Thickness dependence of pinning properties in Bi-2212 superconductor

The effect of the thickness of Bi-2212 superconducting thin films and single crystals on the critical current property is investigated in the range of 0.1–10 µm. The peak effect of critical current density at low temperatures disappears for films thinner than the critical thickness in the range of 0.5–1.0 µm. On the other hand, the irreversibility field increases with increasing thickness over the entire range of investigation at low temperatures, suggesting the critical thickness for the irreversibility field is larger than 10 µm. This behaviour is different from that in three-dimensional RE-123 superconductors in which the two critical thicknesses are the same.

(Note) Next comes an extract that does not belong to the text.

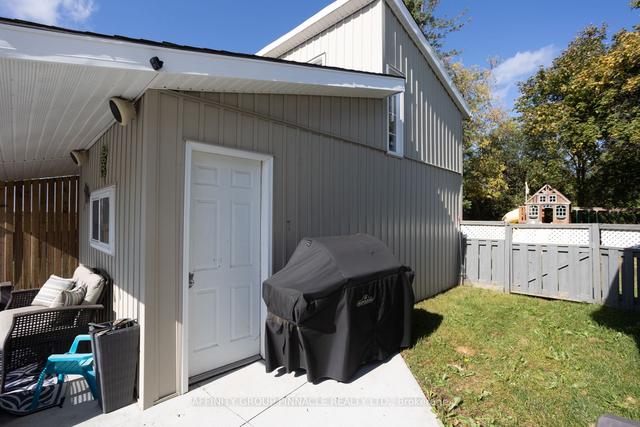 291 Angeline St N, House detached with 2 bedrooms, 3 bathrooms and 6 parking in Kawartha Lakes ON | Image 6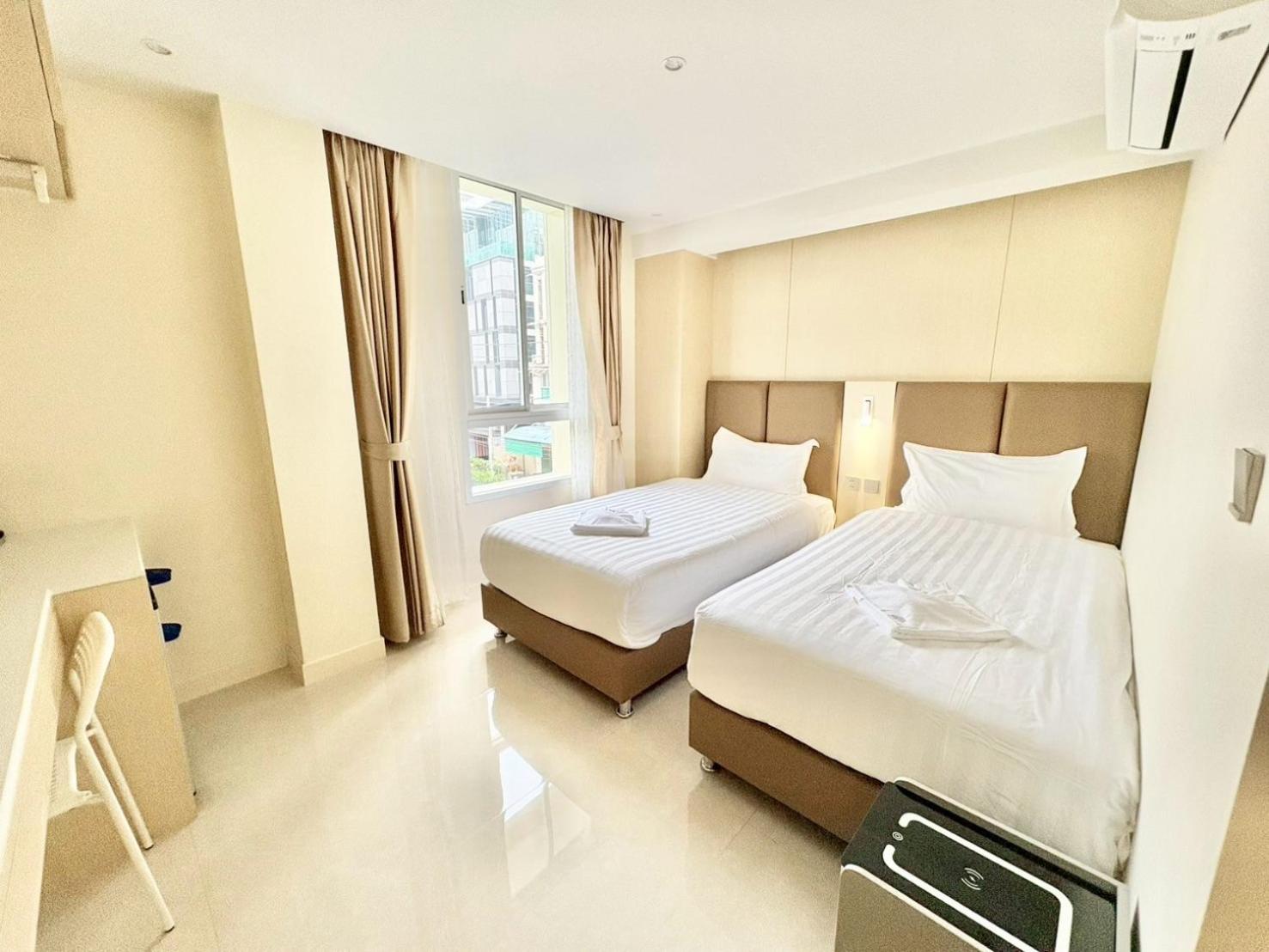 ABC QQ Hotel 16/38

While the critical thickness for the irreversibility field is given by the pinning correlation length in both types of superconductors, the critical thickness for the peak effect in Bi-2212 seems to be given by the interlayer coupling length. On the other hand, the irreversibility field in the same Bi-2212 specimens is found to decrease with increasing thickness at high temperatures, which is completely opposite to the dependence at low temperatures. This behaviour appears to contradict the theoretical prediction of the flux creep model. However, a detailed investigation reveals that this agrees with the theoretical prediction under the principle of irreversible thermodynamics which describes how the transverse order of flux lines is developed so as to reduce the energy dissipation due to the flux creep for extremely thin films.